Convert between CSS units: px, em, rem, pt, %, vw, and ch. Includes type scale ratios, quick reference table, and live size preview.
CSS offers multiple unit systems for sizing — pixels (px) for absolute sizing, em for parent-relative sizing, rem for root-relative sizing, vw for viewport-relative sizing, and more. Choosing the right unit affects accessibility, responsiveness, and maintainability. The most common pain point is converting between px (what designers specify) and rem/em (what accessible CSS should use).
This converter handles all major CSS length units with full context: base font size (for rem), parent font size (for em), and viewport width (for vw).

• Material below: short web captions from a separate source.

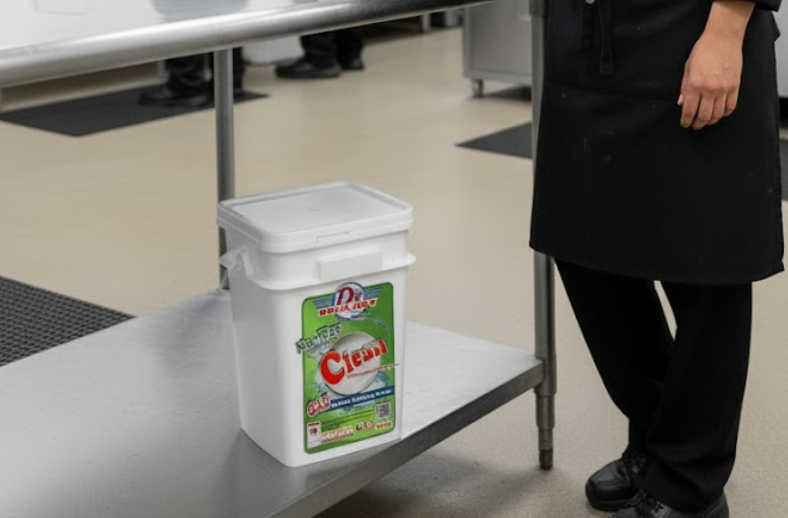 Nu-Way Clean CAS™ | Dishwasher Detergent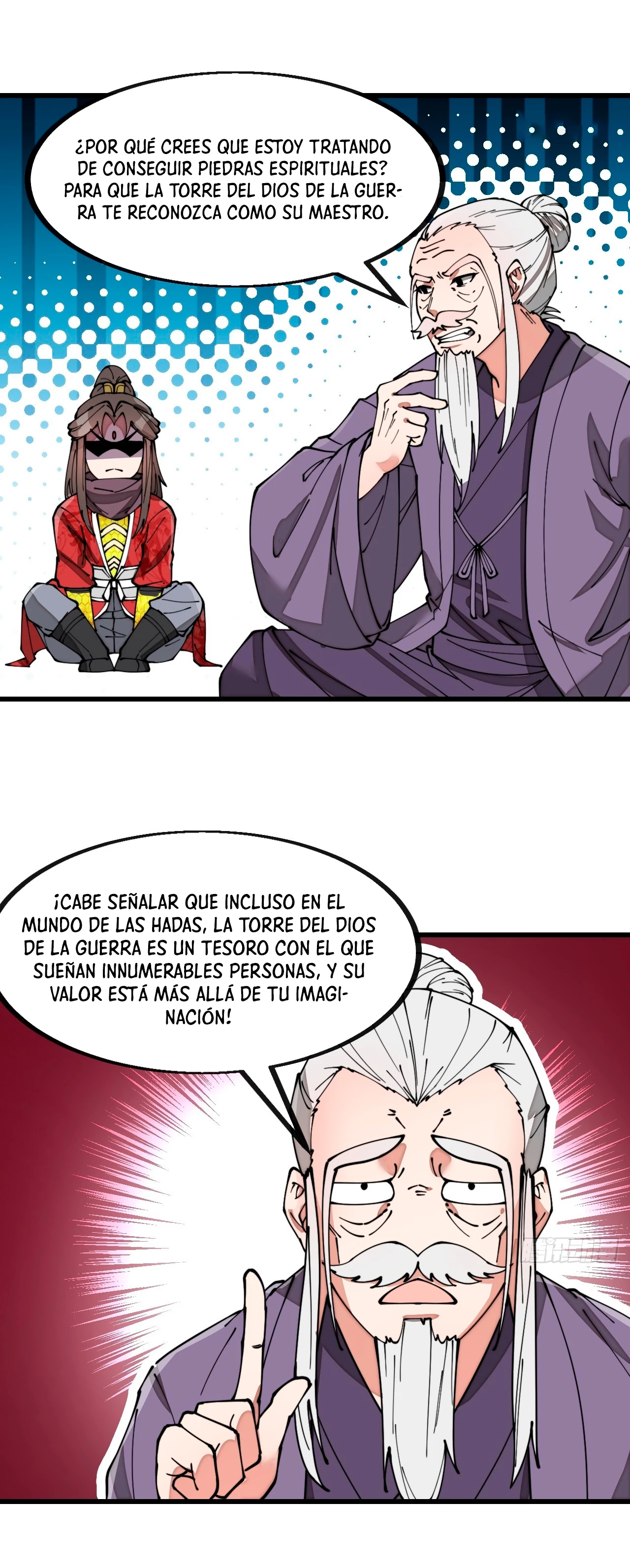Realmente no soy un hijo de la Suerte —  Capítulo 184 — 14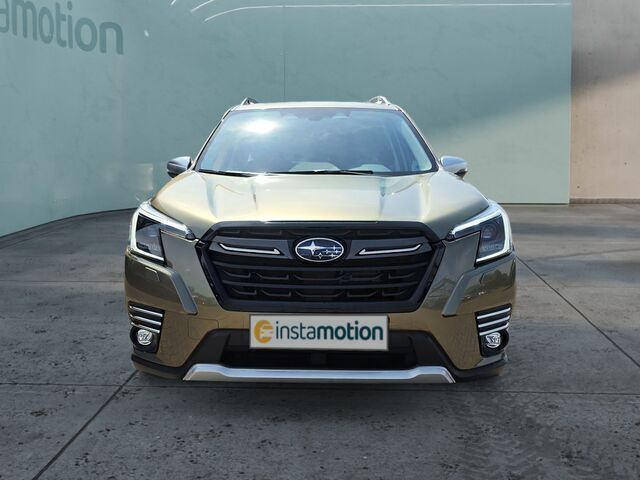 Gebraucht Subaru Forester Comfort 150 PS (110 kW) 2024 Grün SUV
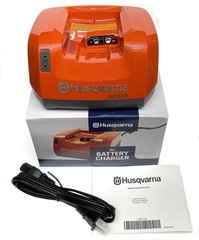 Husqvarna QC330 Battery Charger 330W Rapid Smart Charge For BLi 36V/40V Battery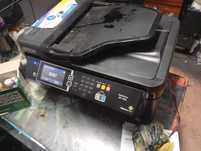 Кольоровий БФП А3 формату Epson WorkForce WF-7610DWF з СБПЧ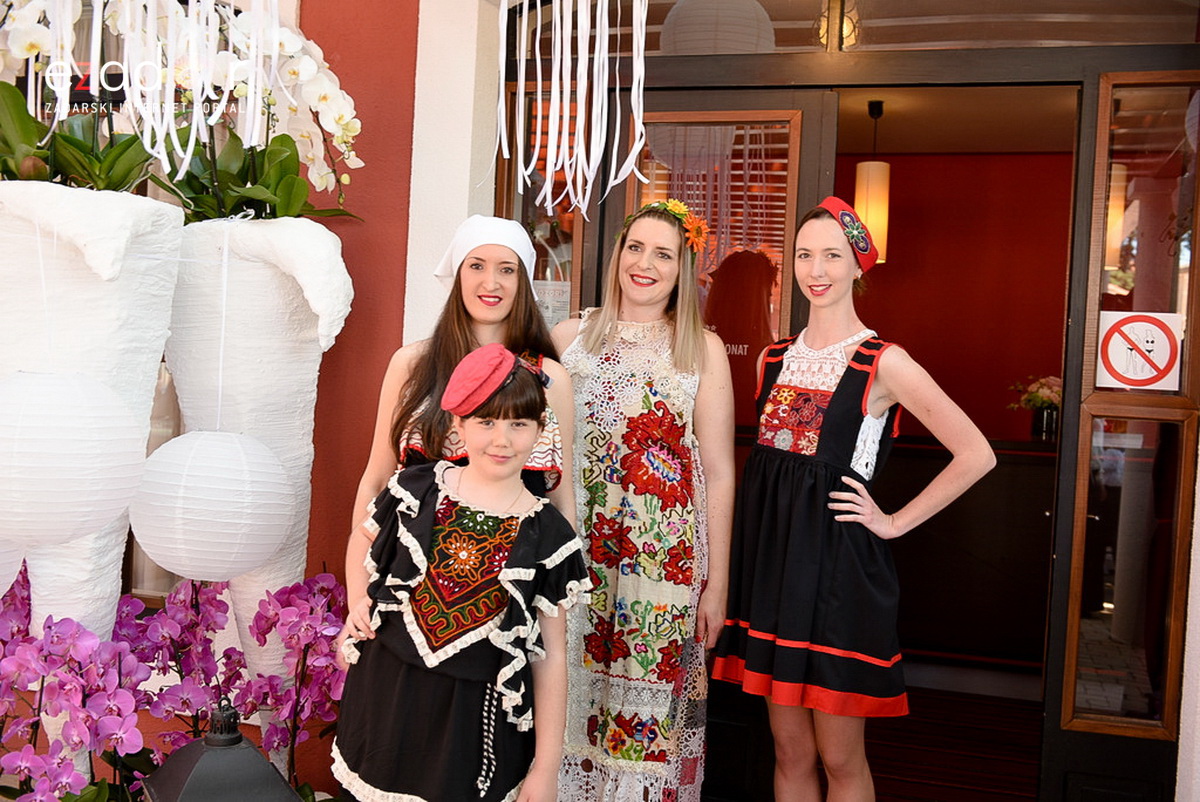 Svečano otvoren 18. Festival cvijeća Zadarske županije u Sv. Filip i Jakovu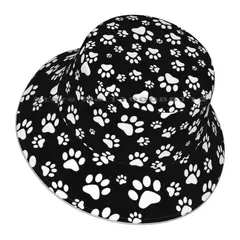 KAST PE - Gorro cubo Reversible bucket hat Mujer Hombre Modelo Lupin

It generates ready-to-paste CSS snippets, a comprehensive quick-reference table for the 20 most common sizes, a type scale ratio explorer for harmonious heading hierarchies, and a live text size preview.
If you're building responsive layouts, migrating a design system from px to rem, or simply need to know what 14px is in rem with an 18px base font, this calculator gives you instant answers with the surrounding context that designers and developers need.
Design tools give sizes in pixels, but modern CSS should use rem for accessibility. This converter bridges that gap with instant bidirectional conversion, contextual CSS snippets, and a comprehensive reference table — saving trips to your browser's dev tools. Keep these notes focused on your operational context. Tie the context to the calculator’s intended domain. Use this clarification to avoid ambiguous interpretation.
rem = px ÷ root_font_size em = px ÷ parent_font_size pt = px × 0.75 % = (px ÷ parent_font_size) × 100 vw = (px ÷ viewport_width) × 100 Reverse: px = rem × root_font_size or px = em × parent_font_size
Result: 1.5rem = 1.5em
24px ÷ 16px = 1.5. With root and parent both at 16px, rem and em are equal. In points: 24 × 0.75 = 18pt.
| Unit | Relative to | Best for | |---|---|---| | px | Screen pixel | Borders, shadows, icons | | rem | Root font size | Font sizes, spacing, layout | | em | Parent font size | Component-internal spacing | | % | Parent dimension | Widths, fluid layouts | | vw/vh | Viewport | Full-bleed sections, hero text | | ch | "0" width | Input field widths |
Users with low vision may increase their browser's default font size from 16px to 20px or more. Layouts sized in rem scale correctly; layouts in px do not. WCAG 2.1 Success Criterion 1.4.4 requires text to be resizable to 200% without loss of content — rem-based typography passes automatically.
A type scale applies a consistent multiplier between heading levels. Starting from a 16px base with a Major Third ratio (1.25): body = 16px, h4 = 20px, h3 = 25px, h2 = 31.25px, h1 = 39px. This creates visual harmony similar to musical intervals — which is why the ratios are named after musical intervals.
rem is relative to the root (<html>) font size, em is relative to the parent element font size. rem is predictable everywhere; em compounds — 1.5em inside another 1.5em element gives 2.25× the root size.
16px in all modern browsers. If a user changes their browser font size setting, rem-based layouts scale accordingly — this is the main accessibility benefit of rem over px.
Use rem for font sizes and spacing to respect user accessibility preferences. Use px for borders, shadows, and other decorative elements where scaling is not desired.
A type scale uses a consistent ratio (like 1.25 — "Major Third") to mathematically derive heading sizes from the base font size: h4 = base × ratio, h3 = base × ratio², h2 = base × ratio³, etc.
ch is the width of the "0" character in the current font. It is commonly used to set input widths (e.g., width: 20ch for a 20-character input).
1vw = 1% of viewport width. A 1440px viewport makes 1vw = 14.4px. Be cautious with vw for fonts — use clamp() to set min/max sizes for accessibility.